Por todo ello el deseo común de ser no deja, no
puede dejar de constituir la suma de cosmovisiones
individualidades de la cuales emerge el acuerdo en forma de
corrientes ideológicas y movimientos sociales de
pensamiento y acción que a la par influyen y modifican
esas cosmovisiones individuales coadyuvando a su
edificación: la libertad se construye cotidianamente o
sencillamente no existe, por eso es necesario que los ciudadanos
expresemos la objeción, la dispersión y la
diferencia de opinión para provocar el movimiento. Si
permanecen latentes la sociedad se estanca. No es suficiente con
pensar como ciudadanos, sino que se exige de nosotros que obremos
como tales. La ciudadanía es actividad y
participación, ellas generan la dinámica social
como expresión de la libertad, libertad que al fin
legitima la objeción, la dispersión y la diferencia
en búsqueda del cambio social.
Tal legitimidad debe ser la fuerza que filtre el acuerdo
tras la discusión, pero, sin participación,
¿es posible la discusión? Sin discusión,
¿qué legitimidad tendrá el acuerdo? Sin
participación ciudadana la estructura social que permite
hoy en día la praxis de la libertad deviene, aunque
ganada, desperdiciada y al fin destruida. No dilapidemos la
herencia de nuestros mayores: somos hijos de nuestro pasado, y
esto nos hace libres en el presente y responsables del legado de
las generaciones futuras. La coyuntura actual nos debe animar a
aprovechar esta situación históricamente singular.

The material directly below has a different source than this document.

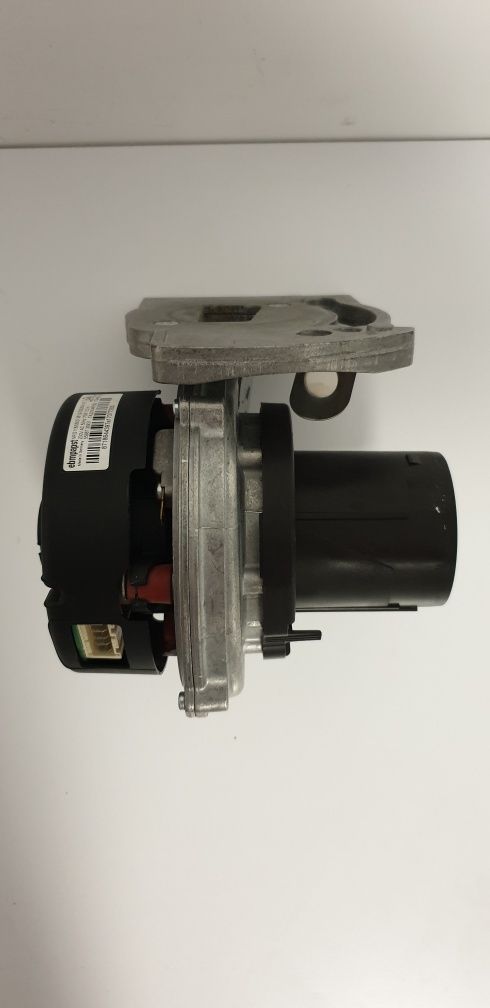 Ventilator Centrala termica Buderus Logamax Plus GB072-24K V2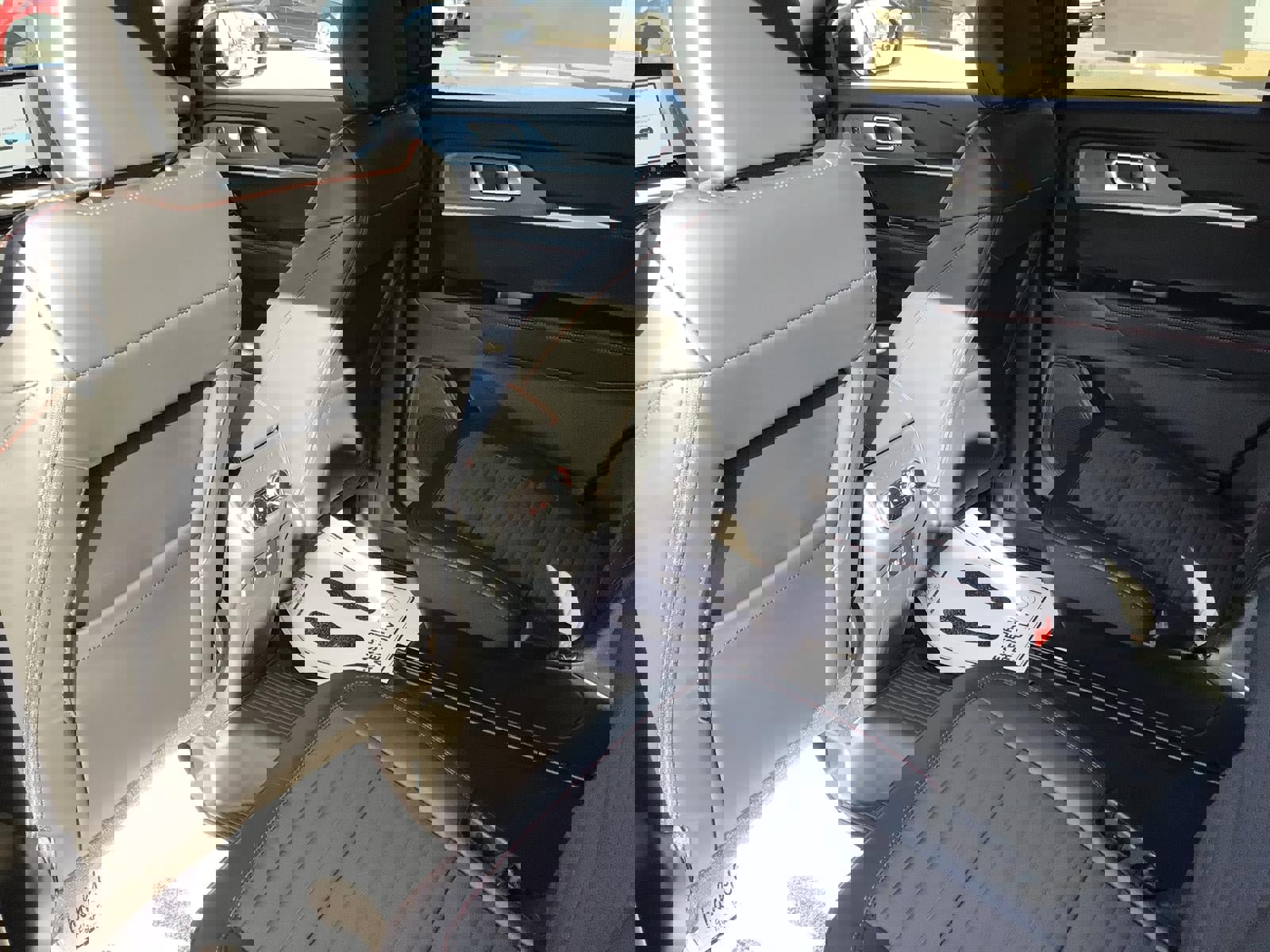 New 2026 Ford Explorer ST-Line w/ ST-Line Street Pack image 18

¿Cuantas generaciones sucumbieron bajo el yugo de la
opresión sin límite? ¿Cuántos
vivieron toda su vida sin una sola oportunidad de libre
elección? ¿Cuántos soñaron con un
pueblo soberano? ¿Cuántos con poseer la libertad
que ha nosotros nos deja tantas veces impasibles? Parece que
olvidamos demasiado pronto el pasado y nos gusta esconder el
miedo a tomar la iniciativa tras la afirmación de que,
como siempre ha sido, nada podemos hacer. Hipócritamente
negamos la libertad para negar la responsabilidad y encontrar una
inconsistente paz dónde dormir el sueño de la
indigencia ciudadana.
No deja de ser cierto que la angustia existencial y la
desesperación son los azotes de la sociedad capitalista
que entre todos construimos, pero en ningún lugar ni
momento de la historia del hombre alguien propuso que vivir en
libertad sea un paseo triunfal sobre el destino. Jamás.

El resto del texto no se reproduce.